Your high-end gaming rig runs background processes you never authorized. Every Intel chip since 2006 and modern AMD processors harbor hidden computers—the Management Engine (ME) and Platform Security Processor (PSP)—that operate independently of your main system. These subsystems access your memory, network, and peripherals with “ring -2” privileges that bypass normal security boundaries. The question isn’t whether they slow your system down, but whether you’re willing to risk everything to shut them off.

The Computers Inside Your Computer

These embedded processors run their own operating systems with unprecedented system access.

Think of ME and PSP as permanent house guests with master keys to every room. Intel’s Management Engine runs on a dedicated microcontroller, while AMD’s PSP operates from an ARM core embedded directly on your CPU die. Both can execute code while your main OS is offline, maintain independent network connections, and access system memory without your knowledge.

Vulnerabilities like CVE-2017-5689 (“Silent Bob is Watching”) proved these aren’t theoretical concerns—attackers gained remote control over machines even when powered down but plugged in.

Intel’s Achilles’ Heel

The me_cleaner tool can partially disable Intel’s Management Engine, but hardware modification is required.

Disabling Intel ME requires physical motherboard access and tools like the CH341a programmer to flash modified firmware. The open-source me_cleaner script strips most ME functionality while preserving essential boot code—complete removal would brick your system.

You’ll need to physically clip onto your motherboard’s SPI flash chip, dump the existing firmware, modify it, and write it back. One wrong move permanently kills your hardware.

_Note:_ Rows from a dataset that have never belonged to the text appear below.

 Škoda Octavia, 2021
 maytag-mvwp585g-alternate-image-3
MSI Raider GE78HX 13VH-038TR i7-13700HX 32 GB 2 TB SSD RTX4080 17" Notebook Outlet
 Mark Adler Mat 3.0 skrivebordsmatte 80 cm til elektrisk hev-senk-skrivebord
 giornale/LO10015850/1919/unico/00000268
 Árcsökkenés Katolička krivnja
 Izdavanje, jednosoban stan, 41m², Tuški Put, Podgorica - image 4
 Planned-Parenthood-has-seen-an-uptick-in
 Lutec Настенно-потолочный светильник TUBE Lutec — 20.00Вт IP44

Privacy-focused vendors like Purism and System76 ship pre-neutered systems for those wanting the benefits without the soldering iron anxiety.

AMD’s Fortress

Platform Security Processor removal remains largely unsolved due to its CPU die integration.

AMD’s PSP presents a tougher challenge. Unlike Intel’s separate chip, the PSP lives on the CPU die itself, making hardware modification nearly impossible. No universal tool like me_cleaner exists for AMD processors.

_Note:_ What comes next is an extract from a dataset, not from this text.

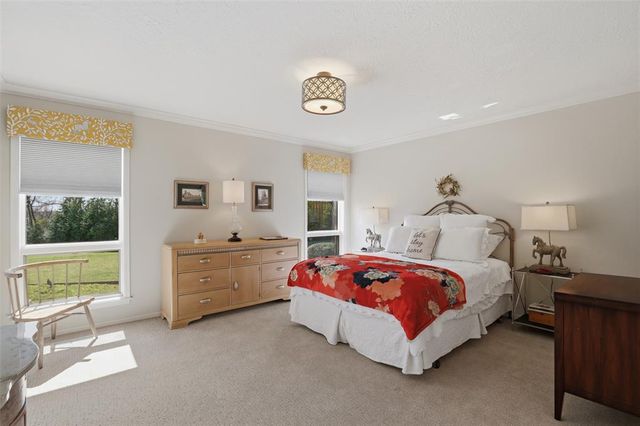 12 Rustic Hills Street, Norman, OK 73072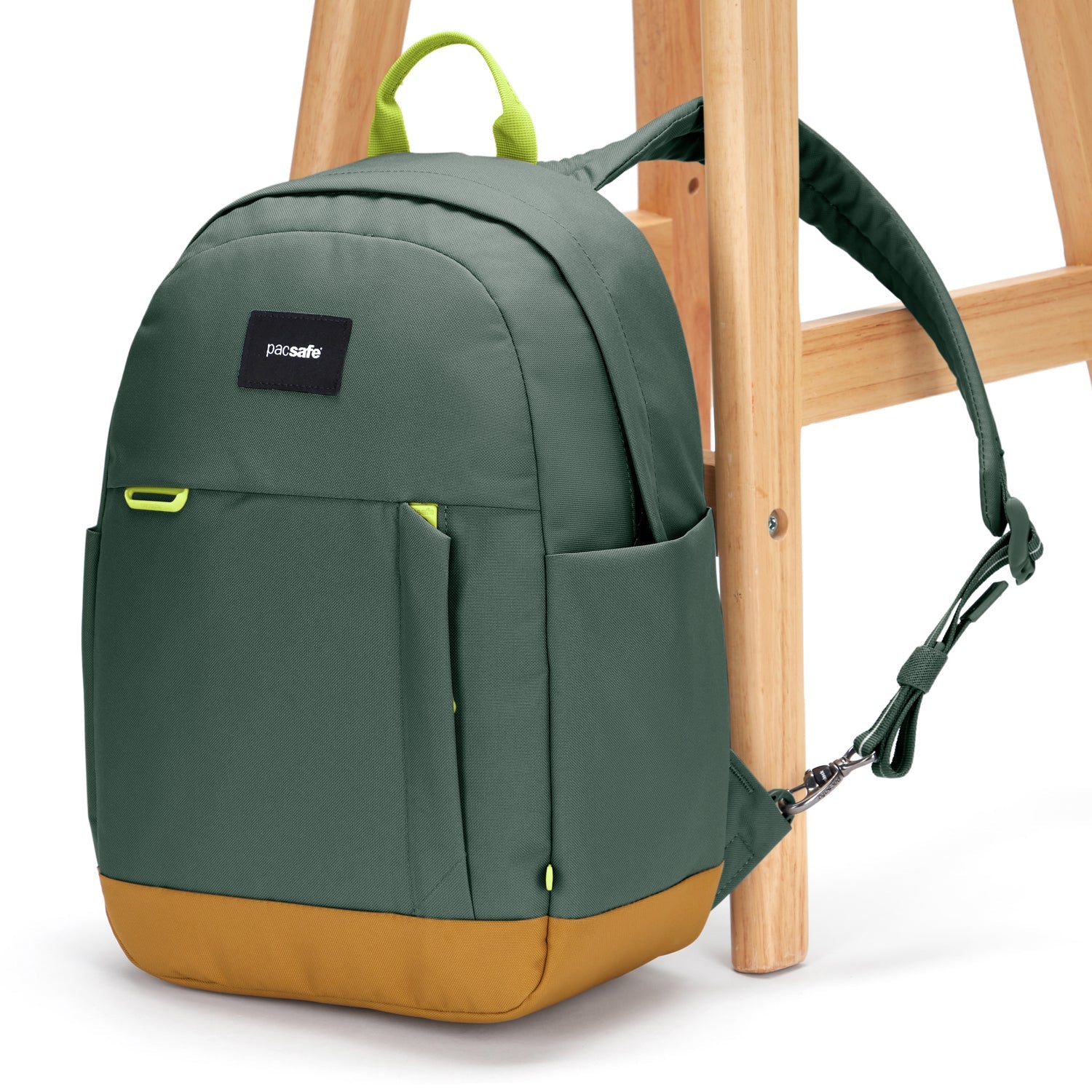 Product image 97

Your best bet involves hunting down community-modified BIOS images in specialized forums or seeking older FX/Bulldozer CPUs that predate PSP implementation. Even coreboot developers struggle with systematic PSP disabling on modern Ryzen platforms.

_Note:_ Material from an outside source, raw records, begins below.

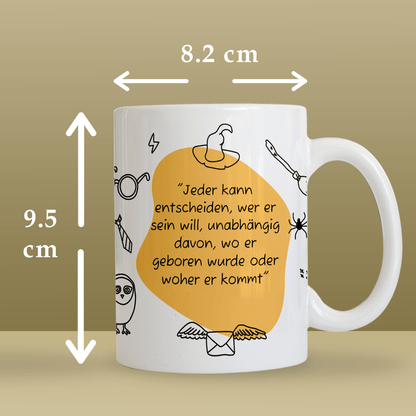 für Männer, Adamell.de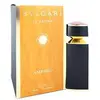 Image de Bvlgari Le Gemme Ambero Eau De Parfum 10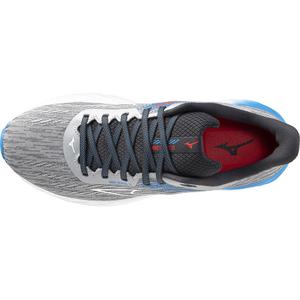 Zapatillas de running Mizuno Wave Inspire 21 image-3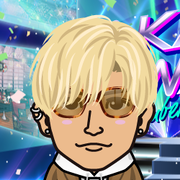 �q�����~�R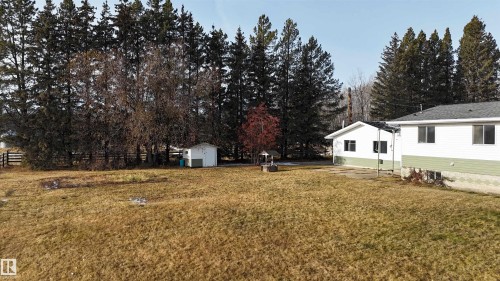 49308 Rr 75, Drayton Valley, AB - Outdoor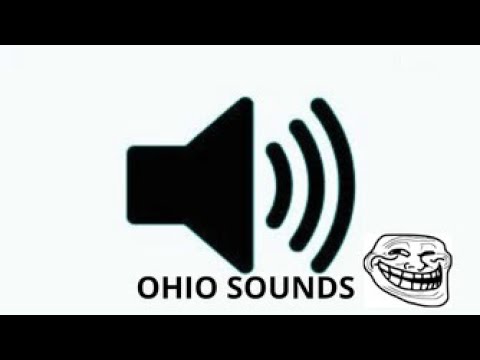 random goofy ahh music from ohio 💀 💀💀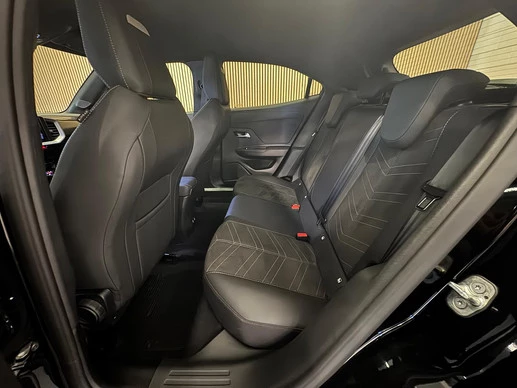 Opel Mokka - Afbeelding 9 van 30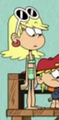 Leni Loud (TLH ep How Double Dare You!).png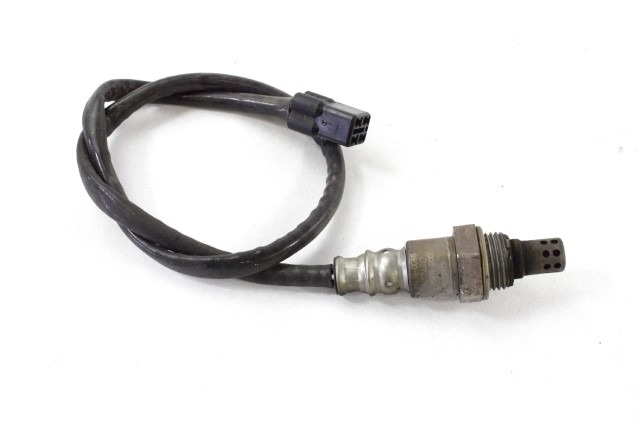 KAWASAKI Z 750 211760132 SONDA LAMBDA 07 - 15 OXYGEN SENSOR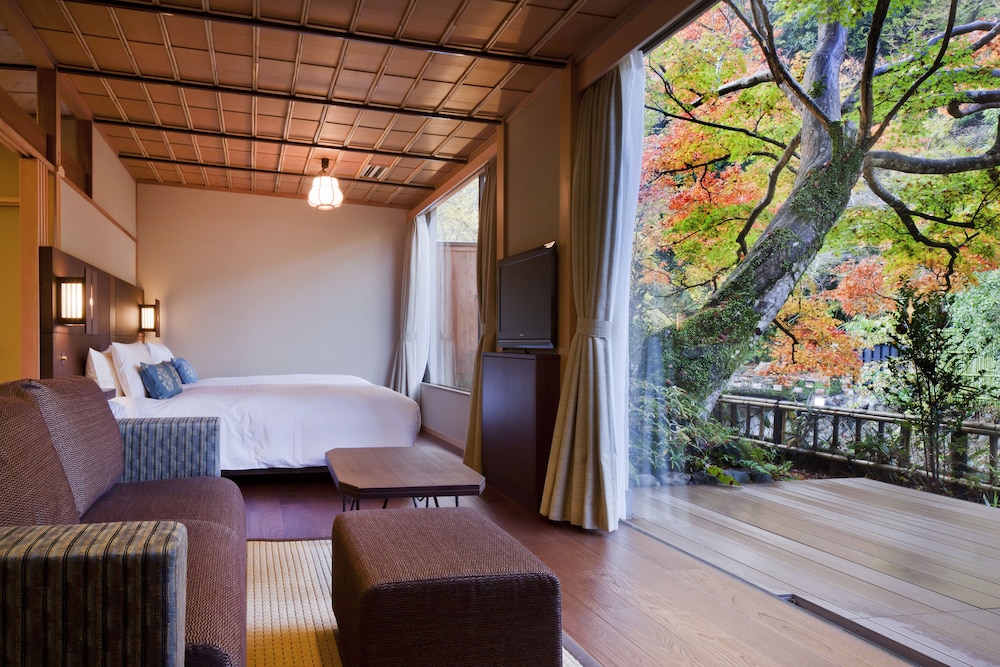 東府や RESORT&SPA-IZU 静岡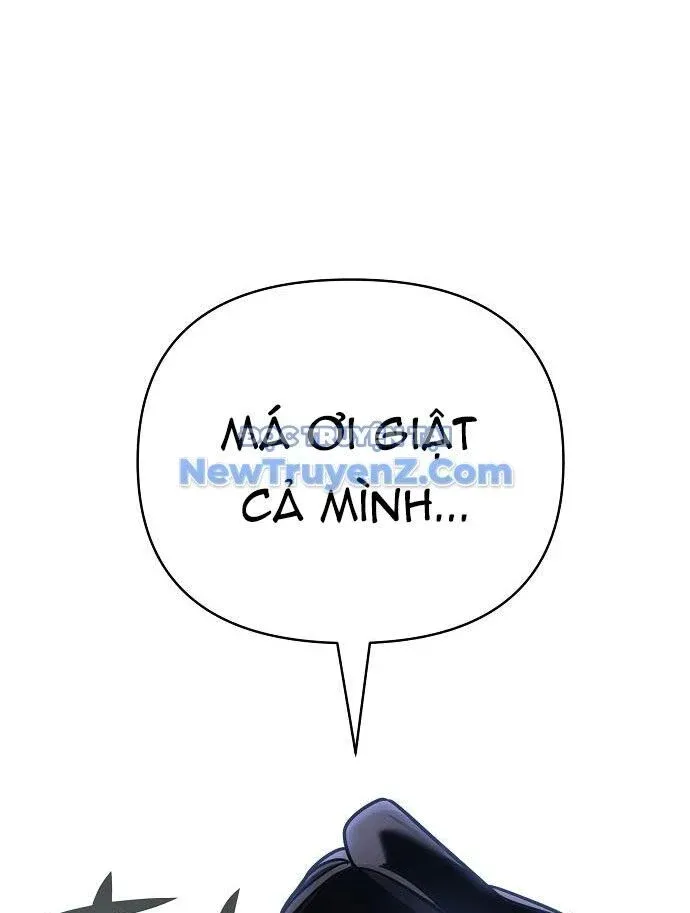 đọc truyện Tiểu Tử Đáng Ngờ Lại Là Cao Thủ Chương 89 ảnh 174 tại Thiên Thai Truyện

The performance gains from ME/PSP removal are honestly modest—benchmarks rarely show meaningful differences. Your system won’t suddenly transform into a speed demon. The real benefits are privacy, reduced attack surface, and knowing your machine runs only code you can audit. For most users, the bricking risk outweighs the minimal performance boost. If you’re building a high-security workstation or chasing theoretical latency improvements, the rabbit hole awaits.